When you use a parallel
region, OpenMP will automatically wait for all threads to finish before execution continues. There is also a synchronization point after each omp for
loop; here no thread will execute d()
until all threads are done with the loop:
a();
#pragma omp parallel
{
b();
#pragma omp for
for (int i = 0; i < 10; ++i) {
c(i);
}
d();
}
z();
However, if you do not need synchronization after the loop, you can disable it with nowait
:
a();
#pragma omp parallel
{
b();
#pragma omp for nowait
for (int i = 0; i < 10; ++i) {
c(i);
}
d();
}
z();
If you need a critical section after a loop, note that normally OpenMP will first wait for all threads to finish their loop iterations before letting any of the threads to enter a critical section:
a();
#pragma omp parallel
{
b();
#pragma omp for
for (int i = 0; i < 10; ++i) {
c(i);
}
#pragma omp critical
{
d();
}
}
z();
You can disable waiting, so that some threads can start doing postprocessing early.
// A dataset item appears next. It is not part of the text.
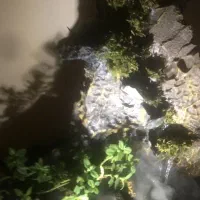 آب نما خانگی حرفه ای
This would make sense if, e.g., d()
updates some global data structure based on what the thread computed in its own part of the parallel for loop:
a();
#pragma omp parallel
{
b();
#pragma omp for nowait
for (int i = 0; i < 10; ++i) {
c(i);
}
#pragma omp critical
{
d();
}
}
z();
Note that there is no synchronization point before the loop starts. If threads reach the for loop at different times, they can start their own part of the work as soon as they are there, without waiting for the other threads:
a();
#pragma omp parallel
{
#pragma omp critical
{
b();
}
#pragma omp for
for (int i = 0; i < 10; ++i) {
c(i);
}
d();
}
z();